The Silicon Valley Transit Users published a detailed and well-referenced analysis of VTA’s Measure B Sales Tax on its website on Sunday, urging those eligible to vote NO. The all-volunteer group has lobbied for expanded bus and rail service since 2000, when VTA’s Measure A Sales Tax was approved by voters promising better bus service but delivering a series of cuts instead:

Since 2001, VTA’s buses have nearly 31.9% fewer riders now than in 2001.  Much of the bus ridership drops are easily traced to the fare hike/service reduction cycles VTA enacted in the early 2000’s.

In January 2008, VTA underwent a restructuring of its bus system resulting in an additional 9% overall service cut.  Now, VTA is undertaking a second transit network restructuring conceptually known as the “Next Network.”

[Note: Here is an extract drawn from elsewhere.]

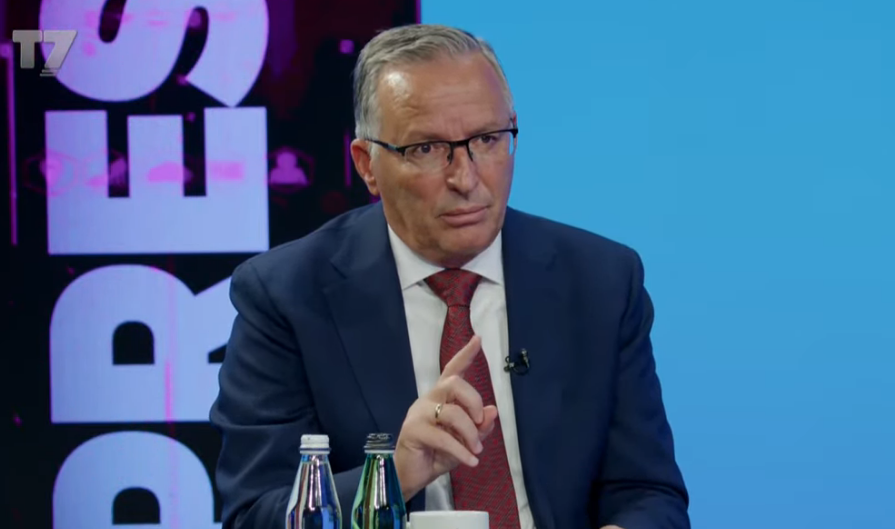 Hamza i prerë: Pa u kryer ligji s’ka biseda për Presidentin, nëse ligji kalon në dy lexime unë i garantoj 22 votat e PDK Hamza i prerë: Pa u kryer ligji s’ka biseda për Presidentin, nëse ligji kalon në dy lexime unë i garantoj 22 votat e PDK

One of the three concepts developed for bus routes pictured above – “Network 90” – suggests VTA to eliminate many “Community Bus” lines not on a main thoroughfare like El Camino Real or Monterey Highway.  The “Network 90” bus concept features no more VTA bus service in Los Gatos, southern San Jose, and neighborhoods off Monterey Highway in Morgan Hill and Gilroy.

So the Valley Transportation Authority (VTA) is planning to cut bus service even if Measure B passes. Why? Because Measure B wastes $1.5 billion on traffic expansions on expressways and highways instead of investing it in transit.

“Highway Expansion Does NOT Work” plainly states the Transit Users editorial, citing the $124 million reconstruction of the Highways 101 & 85 interchange as just one on a list of failed traffic expansions stretching back decades:

Despite their promise to provide “traffic relief” in 1984, their brand new freeway 85 took just two years for the traffic to return. In fact, the congestion on that route (or “corridor”) after two years was worse than it ever has been (according to the Mercury News). That’s because the subsidy for car commuting encouraged people to buy new tract housing in south San Jose, while working in north County (Sunnyvale, Mt. View, Palo Alto). Nobody benefits except the special interests wanting more car commuters from further and further away.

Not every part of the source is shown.